The aerospace industry is on its way toward posting modest growth this year, driven by strong military sales and a slight improvement in civil aircraft business, but the outlook for 2010 is basically flat as further increases in military business will largely be offset by a decline in commercial aerospace, the Aerospace Industries Association (AIA) said yesterday.

And, in 2011, the overall aerospace sector will experience a decline as a drop-off in civil business due to worsening prospects for helicopters, business and regional aircraft will outweigh further improvement in defense purchases, Marion Blakey, president and CEO of AIA, said at the group’s annual year-end review.

But the outlook isn’t as dire as previous downturns in the aerospace sector, she said.

“We believe the valley at the bottom of this cycle will be relatively shallow,” Blakey said. “Why? The pipeline is primed.”

At the front of that pipeline is the Boeing [BA] 787 Dreamliner passenger aircraft, Blakey said. The 787 program, which just began a nine-month flight-test program on Tuesday, is a “game changer,” she said.

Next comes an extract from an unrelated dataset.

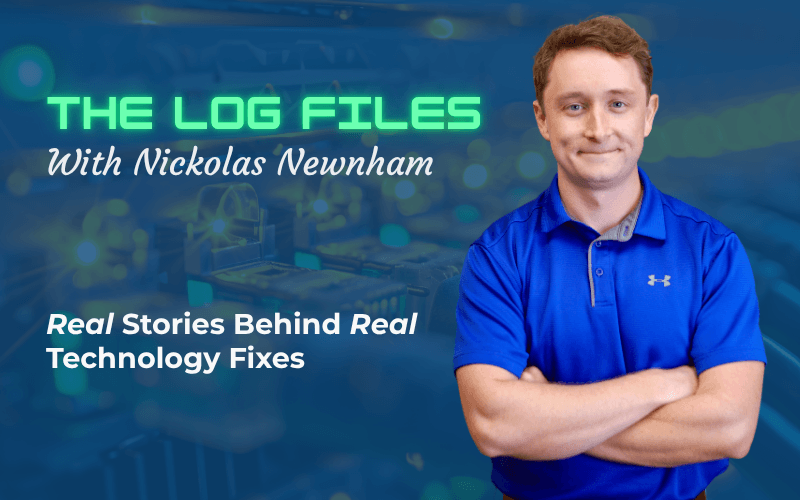 The Log Files With Nickolas Newnham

Other factors that will mitigate the downturn in aerospace include strong demand for single-aisle passenger planes, “pent up” demand to replace aging aircraft, recovery of airline passenger traffic, and on the defense side expectations of a “large-scale recapitalization” of current systems that have been, and continue to be, used extensively in ongoing war operations, Blakey said.

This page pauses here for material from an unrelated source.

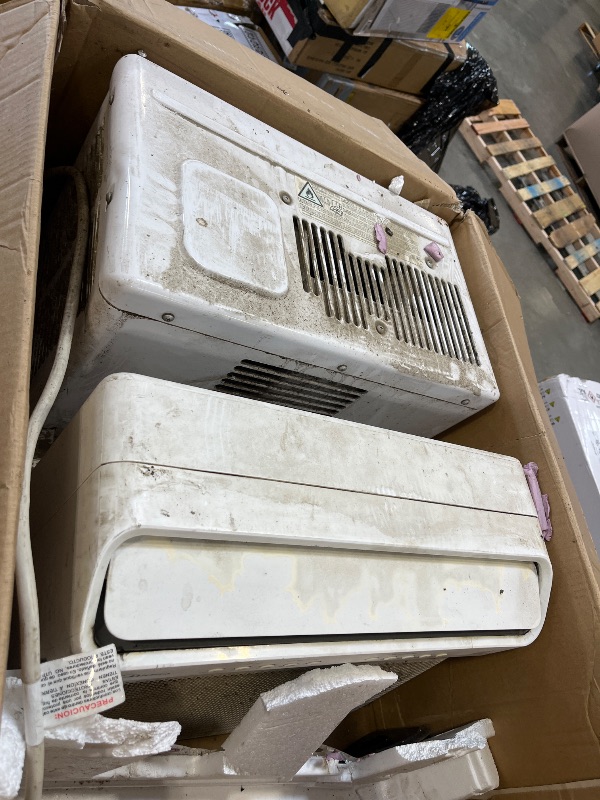 Photo 1 of GE Profile ClearView 10300 BTU Smart Window Air Conditioner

Blakey also pointed to initiatives before Congress that could accelerate the aerospace recovery, in particular expediting the implementation of the Next Generation Air Transportation System. This is a “shovel ready” project, she said.

“With all the talk about creating jobs, we believe our industry is being overlooked as a job generator,” Blakey said. “NextGen airborne infrastructure could be manufactured today and quickly put into place.”

This year, aerospace industry sales are expected to increase 4 percent to a record $214.1 billion, with the 2010 estimate pegged at $214.4 billion, AIA said. If the preliminary 2009 estimates hold, that would mark six straight years of growth.

The increased military business is being driven by higher fighter, missile, rotorcraft and space sales. Missile sales will be up 11 percent in 2009 and aircraft, which account for the largest segment of the military aerospace sector, will be up 8 percent.

On the commercial front, the main reason for a 2 percent uptick in growth is a year of continuous aircraft production at Boeing, which suffered from a two-month long labor strike in 2008 that, in turn, dampened the company’s sales. The growth in large passenger jets is being partially offset by a downturn in civil helicopter and general aviation shipments, in particular for business jets.

Inventories of business jets appear to have stabilized but remain near record levels and prices keep falling, AIA said.

The difficult economic climate is taking its toll on new business. AIA said that orders in 2009 will be down for the second straight year, tumbling about 33 percent to $155 billion. Backlog will fall to abut $356 billion from last year’s record $402 billion, marking the first drop since 2003.

The global economic downturn has also affected international aerospace sales, both exports and imports. Exports were down 17 percent and imports off about 34 percent, resulting in a foreign trade balance of $53.9 billion this year versus $57.4 billion in 2008, AIA said.

Blakey said that despite shrinkage in the trade balance, the overall positive balance demonstrates the health of the aerospace industry.

Aerospace employment will also drop this year, again the first time this has happened since 2003. Blakey noted that the drop from last year to the third quarter of 2009 is 4 percent, which isn’t bad considering that all manufacturing job losses fell almost 12 percent in the same period.